SXSW 2016 | Day 3: 03.17.16

Loretta Lynn was a pioneer as a woman performer who wrote her own songs, leading to an explosion of relevant, pro-woman songs.

Loretta Lynne
Loretta Lynn

Typically, a measure for peak SXSW is when you hear a band playing in a neighbor’s backyard, but this year came with a twist. As I was writing Wednesday’s summary, a commotion enveloped the boarded-up house next to mine in East Austin. I assumed it was one of the local hip-hop crews that use SXSW as an opportunity for savvy self-promotion, but was surprised to find the full entourage of Houston’s legendary Screwed Up Click rapper Trae the Truth staging a photo shoot. Sometimes, the festival comes to you.

Americana at SXSW has a couple of nerve centers. I have a long allegiance to Bloodshot Records’ day parties at the folk art gallery Yard Dog on South Congress, but the Billy Reid events at Weather Up have been knocking it out of the park the last few years, with assistance from Jack White’s Third Man Records. Dylan LeBlanc played here, an introverted and pained but brilliant songwriter last I saw him. LeBlanc’s new work from Cautionary Tale sharpens that lyricism but also brings to it a fuller, at times rocking, sound with a terrific backing band.

Margo Price
Margo Price

Margo Price came next, one of the most anticipated country acts at this year’s festival as the first Nashville signing of Third Man. Her retro, real-deal vocals and songwriting make sense for the label, especially in light of a band that nods to the broader traditions of country soul. The keyboard player sports a Stax logo tattooed on his arm, which is the kind of thing that puts a Southern music fan right at ease. There’s a bit of soul to Price’s sound, and equal parts honky-tonk and church, even a bit of funk. Waylon Jennings’ band came to mind often as Price gamely played through a perfect set in the sweltering humidity of the Austin afternoon: “Hurtin’ on the Bottle,” “The Hands of Time,” including several numbers from her impending debut album, Midwest Farmer’s Daughter. Price also shared her excitement that Kacey Musgraves was on the bill in about an hour. The two share a sensibility, and here’s hoping the former follows the latter to the heights of Nashville success.

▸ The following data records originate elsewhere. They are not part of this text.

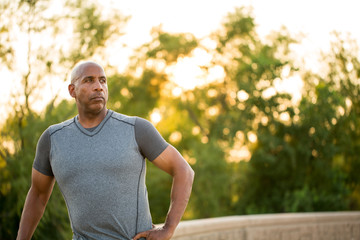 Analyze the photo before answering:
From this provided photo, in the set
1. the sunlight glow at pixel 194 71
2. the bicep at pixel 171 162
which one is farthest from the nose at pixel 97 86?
the sunlight glow at pixel 194 71

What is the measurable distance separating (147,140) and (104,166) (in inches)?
8.4

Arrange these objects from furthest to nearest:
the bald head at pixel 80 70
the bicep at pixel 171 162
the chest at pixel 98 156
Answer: the bald head at pixel 80 70 < the bicep at pixel 171 162 < the chest at pixel 98 156

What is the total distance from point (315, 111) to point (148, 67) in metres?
10.9

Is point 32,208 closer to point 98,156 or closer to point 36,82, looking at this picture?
point 98,156

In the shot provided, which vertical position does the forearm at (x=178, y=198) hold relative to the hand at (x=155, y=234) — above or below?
above

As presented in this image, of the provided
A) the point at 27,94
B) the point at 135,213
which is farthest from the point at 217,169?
the point at 135,213

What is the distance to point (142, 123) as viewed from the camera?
2.09m

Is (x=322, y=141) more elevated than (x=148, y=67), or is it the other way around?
(x=148, y=67)

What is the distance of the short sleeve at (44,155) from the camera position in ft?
7.09

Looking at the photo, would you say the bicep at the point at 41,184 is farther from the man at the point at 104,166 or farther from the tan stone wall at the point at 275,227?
the tan stone wall at the point at 275,227

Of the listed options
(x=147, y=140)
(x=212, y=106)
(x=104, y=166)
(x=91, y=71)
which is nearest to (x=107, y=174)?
(x=104, y=166)

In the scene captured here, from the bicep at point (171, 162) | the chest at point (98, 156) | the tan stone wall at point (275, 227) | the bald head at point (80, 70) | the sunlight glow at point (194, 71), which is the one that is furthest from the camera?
the sunlight glow at point (194, 71)

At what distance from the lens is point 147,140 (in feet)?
6.79

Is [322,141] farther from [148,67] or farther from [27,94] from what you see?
[27,94] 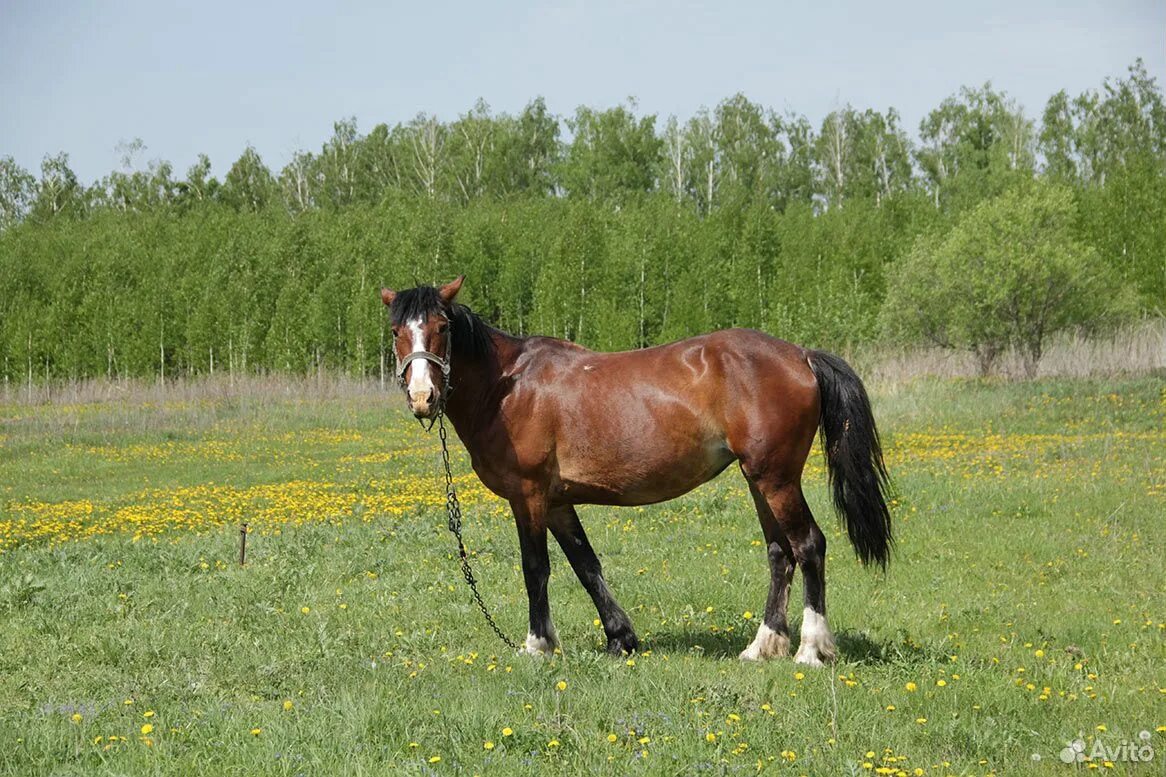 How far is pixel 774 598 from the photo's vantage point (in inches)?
299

Trae the Truth (L) with Jason Mellard

Leaving before Musgraves was the most agonizing festival choice I would have to make this year, but one of those rare SXSW doors had opened for me, with an invite to an event at the Governor’s Mansion. Under the Governor there is a Texas Music Office charged with both celebrating the state’s rich musical history and a promoting the workings of the modern music industry in the state. The TMO’s enterprising director Brendon Anthony (former fiddler for Pat Green) and Governor Greg Abbott invited Texas music insiders to the gardens of the Governor’s Mansion to mark SXSW. And, of course, there was music.

Gina Chavez opened the event with bilingual Mexican and Latin American music as a testimony to her own project of reclaiming heritage. With songs like “Soy Quien Soy,” Chavez brought a sensible and appropriate politics to the occasion, meditating on the state’s nuanced history of borderlands immigration and the twists and turns of cultural assimilation and mixture. The Suffers of Houston followed, giving their all to make this garden gathering a full-on party. Last year at SXSW, I saw the Suffers, a boisterous soul revue born of ska roots, crammed on a small stage downtown, just weeks before their national television debut on David Letterman. They’ve been on Jimmy Kimmel and at the Austin City Limits Festival since, and here, at SXSW 2016, they’ve graduated from that small stage of a year ago to the Governor’s Mansion. Count this among SXSW’s continuing strengths: Success stories in the industry still happen. And the Texas Music Office has an ongoing role in making sure the Lone Star State is a place with the cultural infrastructure to keep them happening here.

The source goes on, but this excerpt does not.